(About this exercise)
Please keep the pictures out and write out exactly the lines from the first in the data below through the one containing "Straight Backdrop Plinths 7x7x6+14cm", both included.

(Crawled caption data)
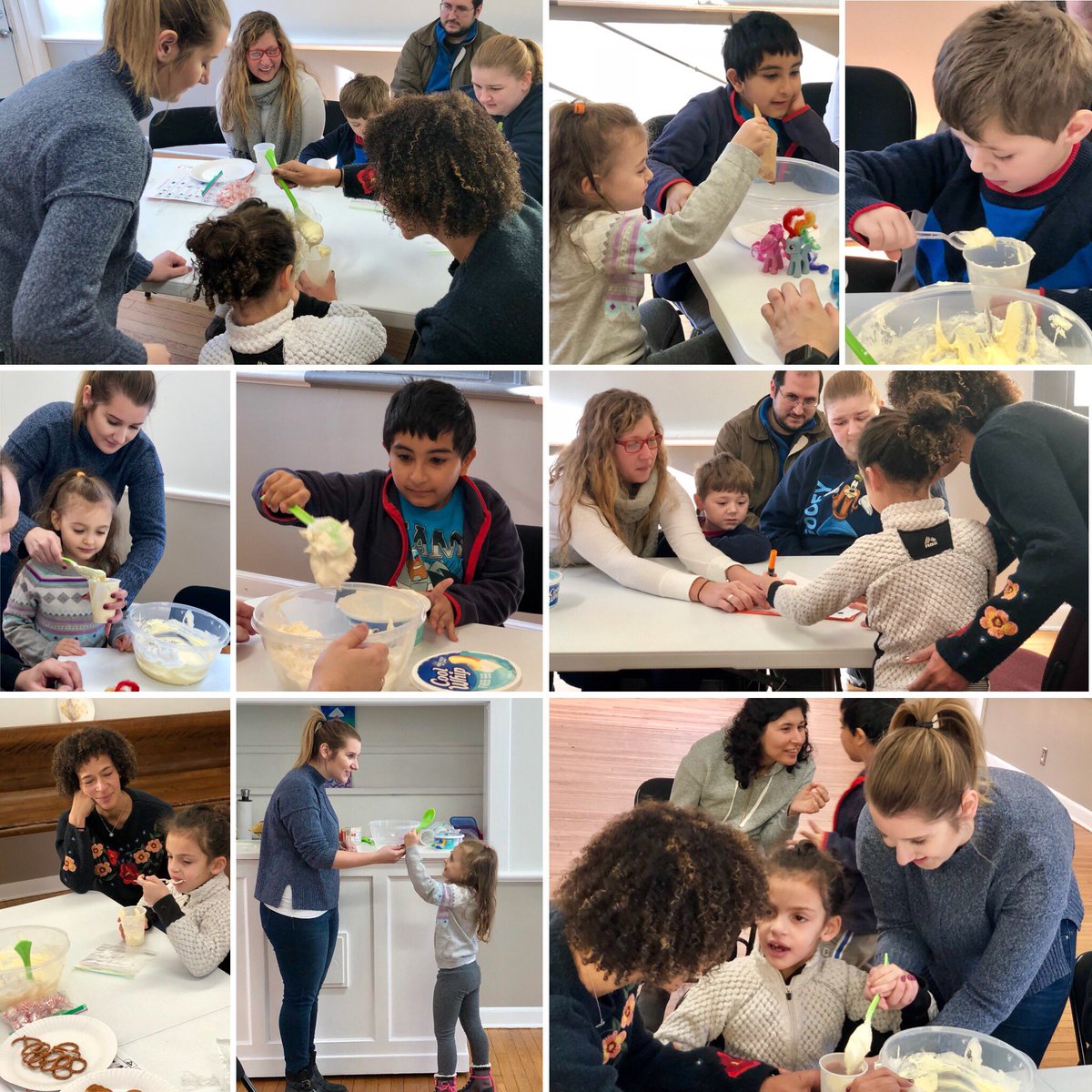 bridgingkids's tweet photo. Great time today making peppermint candy dip! After a long winter break, it was amazing to see how much the kids have grown and how much progress they’ve made! #specialneeds #autism #integratedplaygroup https://t.co/bYWxooCyzX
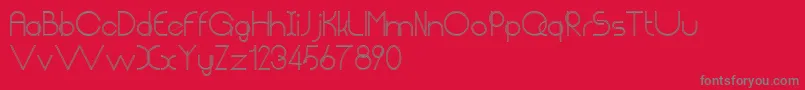 Chempaka Ranting Simpul Font – Gray Fonts on Red Background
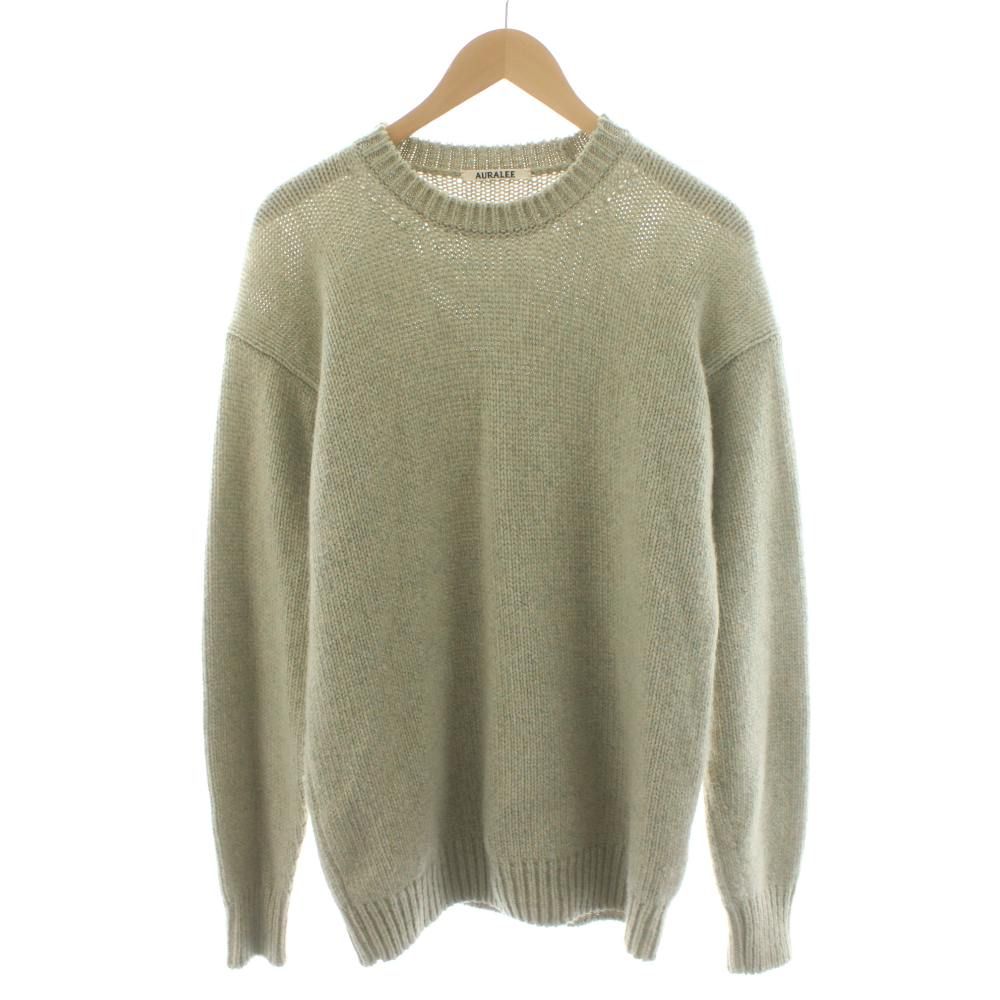 オーラリー AURALEE 20AW CAMEL WOOL MIX KNIT P/O ニット セーター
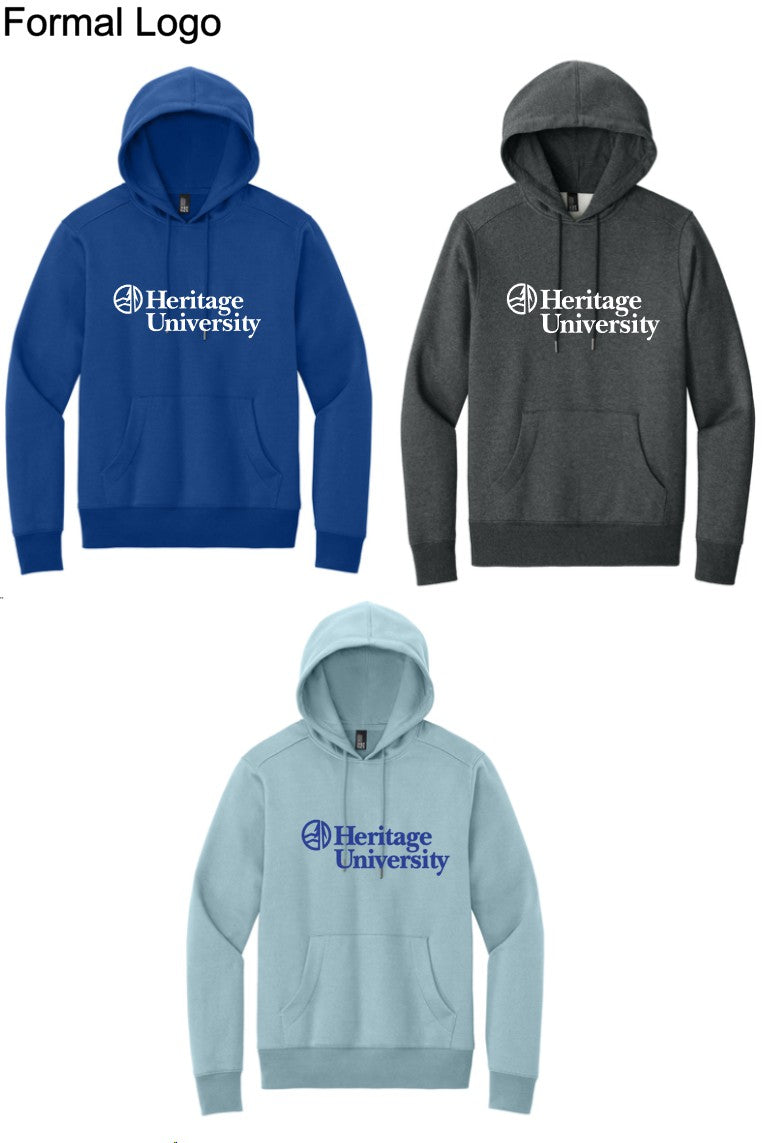 Heritage University - District® Perfect Weight® Fleece Hoodie - DT1101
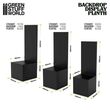 Straight Backdrop Plinths 7x7x6+14cm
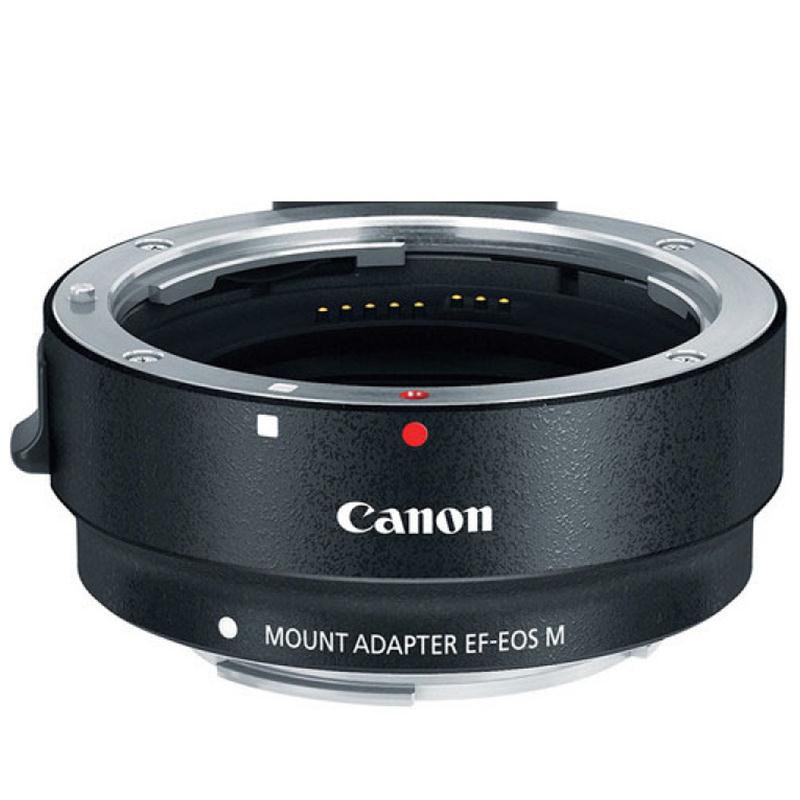 [Mã ELMALL1TR giảm 5% đơn 3TR] Ngàm chuyển Canon EF-M (dành cho ống kính Canon EF/ EF-S) - Hàng Chính Hãng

(Finished exercise)
 bridgingkids's tweet photo. Great time today making peppermint candy dip! After a long winter break, it was amazing to see how much the kids have grown and how much progress they’ve made! #specialneeds #autism #integratedplaygroup https://t.co/bYWxooCyzX
 Chempaka Ranting Simpul Font – Gray Fonts on Red Background
 オーラリー AURALEE 20AW CAMEL WOOL MIX KNIT P/O ニット セーター
 Heritage University - District® Perfect Weight® Fleece Hoodie - DT1101
 Straight Backdrop Plinths 7x7x6+14cm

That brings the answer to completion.